Task directions = Apart from the pictures, the listing is to be returned exactly.
───── Data segment
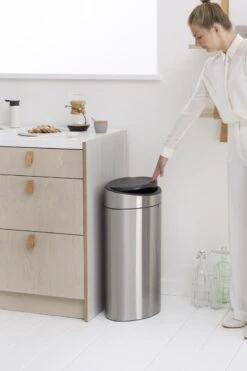 Brabantia Touch Bin Prullenbak - 40 L - Matt Steel Fingerprint Proof -Beste Woninginrichting Winkel 800x1200 10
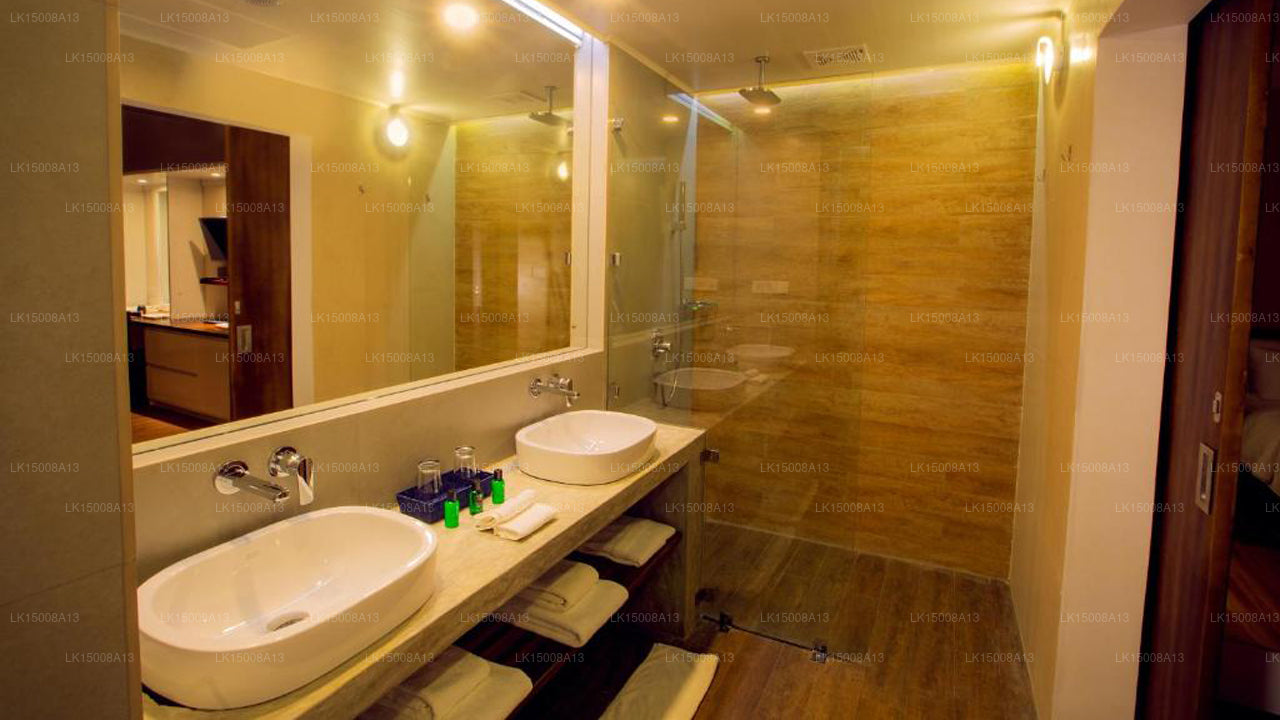 Отель «Севана Сити», Канди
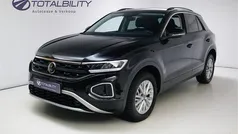 Zwart Gebruikt 2025 VW T-Roc Edition SUV | € 27.950 (Eerlijke prijs)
──────────
Answer =
 Brabantia Touch Bin Prullenbak - 40 L - Matt Steel Fingerprint Proof -Beste Woninginrichting Winkel 800x1200 10
 Отель «Севана Сити», Канди
 Zwart Gebruikt 2025 VW T-Roc Edition SUV | € 27.950 (Eerlijke prijs)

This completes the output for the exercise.